• Question: Does your work help to protect the worlds environment or, help to make it a better place to live?

    Asked by HermioneSykes to Angela, Claire, Ian, Robert, Sarah on 10 Nov 2014. This question was also asked by lollypop12, unicorn-rainbow#, karmakid_, rhiannay101, DORRON.
    • Photo: Angela Stokes

      Angela Stokes answered on 10 Nov 2014:


      Hi HermioneSykes
      Fabulous question. I think most people care about saving our planet for those who will come after us.

      When we licence new medicines we have to work out what the body does to the medicine when a person takes it so we know what is passed out of the body when you go to the toilet. This is part of what the study of pharmacology is about.

      Your body breaks down a medicine into smaller molecules called metabolites, these pass out of your body and will go into sewerage works. It is important that we know how much is going into the sewerage system and we do this by estimating how many people will be using the medicine at any time so we can estimate the waste metabolites that are being produced. We then write an environmental effects paper and this is part of the documentation we need to licence a drug.
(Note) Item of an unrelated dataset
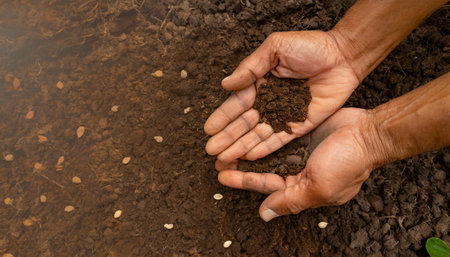preparing agricultural land with seeds for planting plantsの素材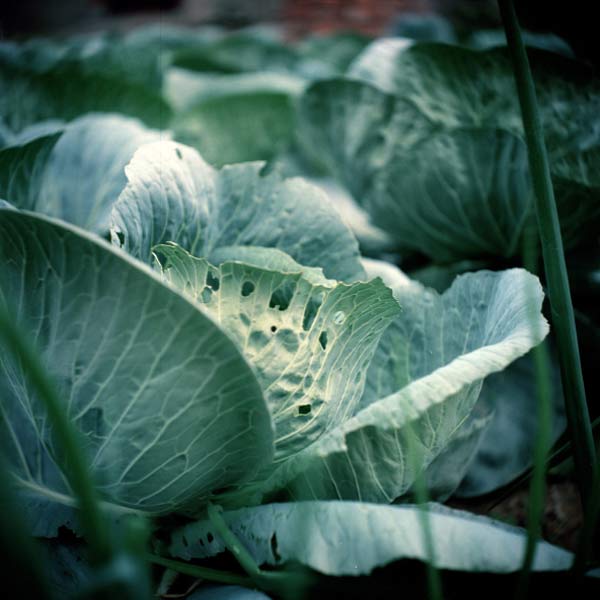 Lettuce in a vegetable garden that has holes in the leaves.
      When a health authority assessor looks at a drug this is part of the overall risk / benefit decision, so we do try and protect the environment.

      Of course new medicines do help make the world a better place to live as we are looking to produce new medicines to relieve suffering for both humans and animals, and there are so many diseases that still have no effective treatment.

    • Photo: Sarah Harris

      Sarah Harris answered on 10 Nov 2014:


      Unfortunately I’m not really involved in that field 🙁 At my work I am usually working on websites or on projects for our members (who are professional bodies). However, some of our members looks at environmental issues – for example the Chartered Institution of Water & Environmental Management, or the Institution of Environmental Scientists, who all help scientists that do work to protect the world’s environment.
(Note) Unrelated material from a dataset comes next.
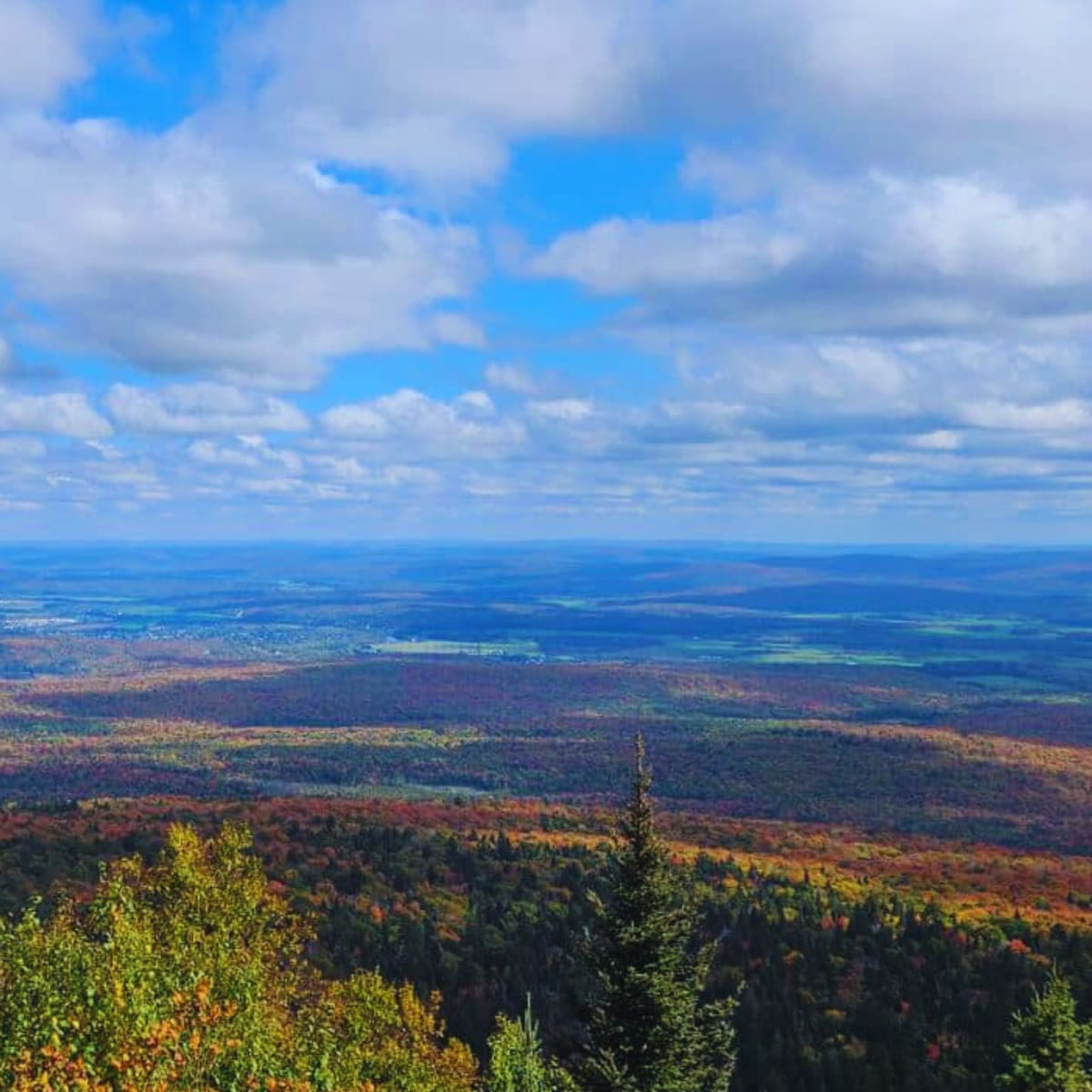 The forest of Parc régional Montagne du Diable in autumn.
      I’ve also edited a couple of articles on Future Morph to promote environmental careers (which you can look at here http://www.futuremorph.org/?s=environment), so I guess in a roundabout way I am helping a bit!

    • Photo: Ian Cade

      Ian Cade answered on 10 Nov 2014:


      hmm… No, not at all.

      If the volumes of waste organic solvents my lab produces are anything to go by, the environment is probably not improved/protected by what I do (When I worked in Australia, some of this waste was sent to be burnt in furnaces to heat limestone to make concrete, but other materials (the chlorinated solvents) were simply burnt).

      But if you are a synthetic chemist, and need to borylate an aromatic compound, an alkene or an alkyne (as you might if you were making new drugs, polymers, materials etc) then my work on very electrophilic borenium systems probably will make your life easier.

      This may eventually trickle down, to make the world a better place in which to live, in terms of marginally cheaper/easier to produce compounds.